A nationwide school food plan should be put in place to ensure that both eating and learning about food at school reflect healthy and sustainable dietary guidelines. Specifically, this would mean setting well developed, strong standards for school food and delivering a comprehensive food education throughout the school curriculum. Government should take steps to mainstream and integrate progress achieved in individual schools through successful initiatives to improve school food, such as Food for Life or Meat Free Mondays.
Better standards for school food are needed to ensure that school food procurement processes deliver for health and sustainability. The foods served at school throughout the day should be consistent with the food-based dietary guidelines and model healthy and sustainable patterns of eating, reflecting and reinforcing what is learned in the classroom. Schools should be supported to translate school food standards into procurement contract language where necessary, including specifications and other considerations for key food groups and nutrients as well as specifications regarding sustainable sourcing, food preparation and the catering service in general.

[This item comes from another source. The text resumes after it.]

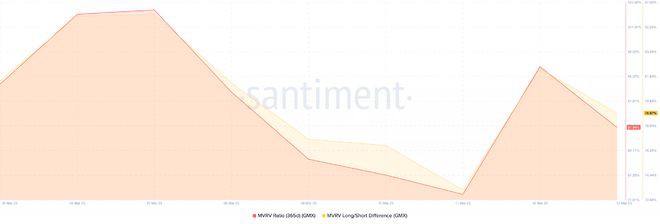 GMX的迅速行动对协议状态及其代币意味着什么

Food system education should be integrated across the school curriculum, in ways that meaningfully link the classroom with how food is grown and consumed, particularly in the school canteen. Learning outcomes should focus on the broader impacts of different foods and production systems, including on greenhouse gas emissions, freshwater, land use change and biodiversity loss, and include exploring the steps that can be taken to mitigate those impacts and improve the food system. Food education should also aim to support the development of healthy, sustainable eating habits through practical experiences and skills, including growing and cooking food, eating seasonably and choosing a healthy diet.